At startup, build a rocm_pool_to_physical list mapping each dense
pool index to a physical device index.  When the user pre-sets
ROCR_VISIBLE_DEVICES the map honours that mask, so pool i pins the
physical device the user actually picked rather than silently
renumbering to 0..N-1.  The map is also narrowed by ROCM_TEST_ARCH
filtering, the heterogeneous-fleet fallback, and the
ROCGDB_ROCM_GPU_MAX_PARALLEL cap.  For the duration of the body,
ROCR_VISIBLE_DEVICES is pinned to that physical index so the
inferior sees exactly the GPU it was scheduled on.

On heterogeneous (mixed-arch) systems the suite falls back to a
single GPU unless ROCM_TEST_ARCH selects one arch's GPUs explicitly.
When GDB_PARALLEL is unset the suite pins to a single pool,
preserving the pre-parallel single-tenant behaviour.  As a failsafe,
if any local device lacks multi-process debug support (per
hip_devices_support_debug_multi_process), parallel mode is downgraded
to serial regardless of the per-test marker.

Extend the check-parallel lockfile cleanup glob in Makefile.in to
sweep the new per-pool slot and barrier files.

Update gdb.rocm/addr-bp-gpu-no-deb-info.exp accordingly:
with_rocm_gpu_lock now pins ROCR_VISIBLE_DEVICES in the dejagnu
process environment and GDB inherits it at startup, so clean_restart
and the HIP_ENABLE_DEFERRED_LOADING set have to run inside the lock;
drop the now-redundant hard-coded
"set environment ROCR_VISIBLE_DEVICES=0" workaround.
Add gdb.testsuite/slot-pool-lock.exp covering the lock primitives in
lib/gdb-utils.exp that with_rocm_gpu_lock is built on.  The test
spawns tclsh children so it exercises the file locks across real
processes; each child appends timestamped acquire/hold/release
events to a shared log that the driver inspects.

Properties checked:

  * shared-capacity   - N shared acquirers hold concurrently within
                        a single pool's slot count.
  * mutex             - exclusive waits for the shared holder to
                        release before acquiring.
  * multi-pool-spread - row-major fill places the first NPOOLS
                        shared acquirers on distinct pools.
  * writer-priority   - a queued exclusive blocks new shared
                        acquirers, so a late shared arrival cannot
                        slip in when the pool drains; it must wait
                        for the exclusive to complete.
  * error-releases    - an error raised inside with_shared_lock_multi
                        propagates and releases the slot, so the
                        next acquire is immediate.
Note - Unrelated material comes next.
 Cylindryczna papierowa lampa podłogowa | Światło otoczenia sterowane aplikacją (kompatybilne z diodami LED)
This commit is validation-only and adds no callers of the lock
layer beyond the new test.
Mark 60 gdb.rocm tests as parallel-safe and wrap two more in
with_rocm_gpu_lock so they participate in the shared lock at all.
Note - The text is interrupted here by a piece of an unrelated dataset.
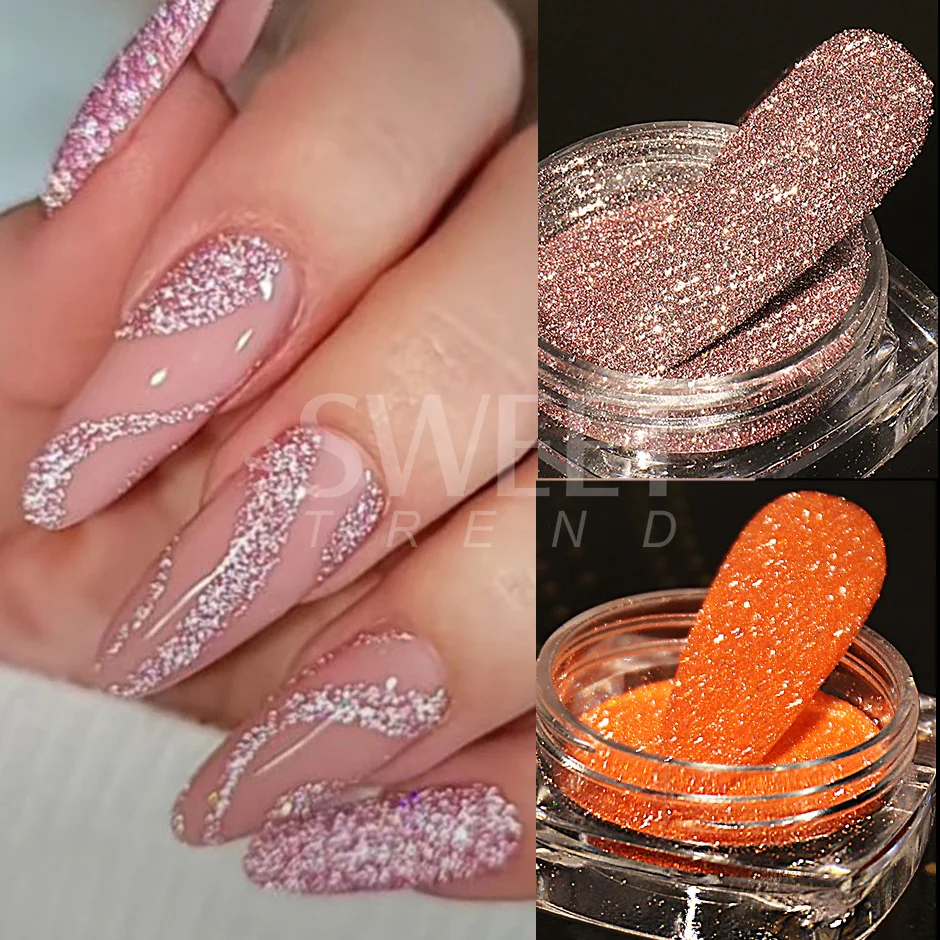 Nail Powder Shiny Reflective Glitter Flash Silver Diamond Crystal Rhinestone Sequins Dip Chrome Dust Nail Art Accessories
For each parallel-safe test, add

    set rocm_gpu_concurrency parallel

just below "load_lib rocm.exp", which lets with_rocm_gpu_lock take a
shared slot instead of locking the whole GPU.  The marked tests all
launch a single small kernel and only inspect per-inferior state, so
they can safely share a GPU with other rocm tests up to the
configured slot count.

simple-outside-debugger.exp and mi-attach.exp did not previously
call with_rocm_gpu_lock at all, so they ran without any coordination
against the rest of the suite even though both do exercise the GPU.
Wrap the GPU-using portion of each in with_rocm_gpu_lock and opt in
to shared mode as well.

The remaining wrapped tests (precise-memory*, device-attach,
device-interrupt, fork-exec-*, multi-inferior-*,
step-schedlock-spurious-waves, load-core-remote-system) are
intentionally left unmarked and continue to take the exclusive
(per-GPU) lock, since they exercise device-wide state, run hog
kernels, or require multiple concurrent GPU inferiors.
maint-print-registers.exp is left untouched because it is a pure
host-side test with no GPU launch.
Add a "ROCm GPU Parallel Testing" section to gdb/testsuite/README
describing the knobs that govern how gdb.rocm tests share GPUs under
GDB_PARALLEL.

The per-test ::rocm_gpu_concurrency marker selects one of three
modes: parallel (one slot on any GPU), serial (the default; every
slot of one GPU, leaving other GPUs free), and machine (every slot
of every active GPU).  The section also documents the
hip_devices_support_debug_multi_process failsafe that downgrades
parallel to serial on devices that cannot host two debugged
processes at once.

The environment variables documented are:

  * ROCGDB_ROCM_PARALLEL_SLOTS - per-GPU concurrent-test cap
    (default 2), including the =1 setting that restores the
    historical "one rocm test per GPU" behaviour and the effect of
    higher values on serial-marked tests.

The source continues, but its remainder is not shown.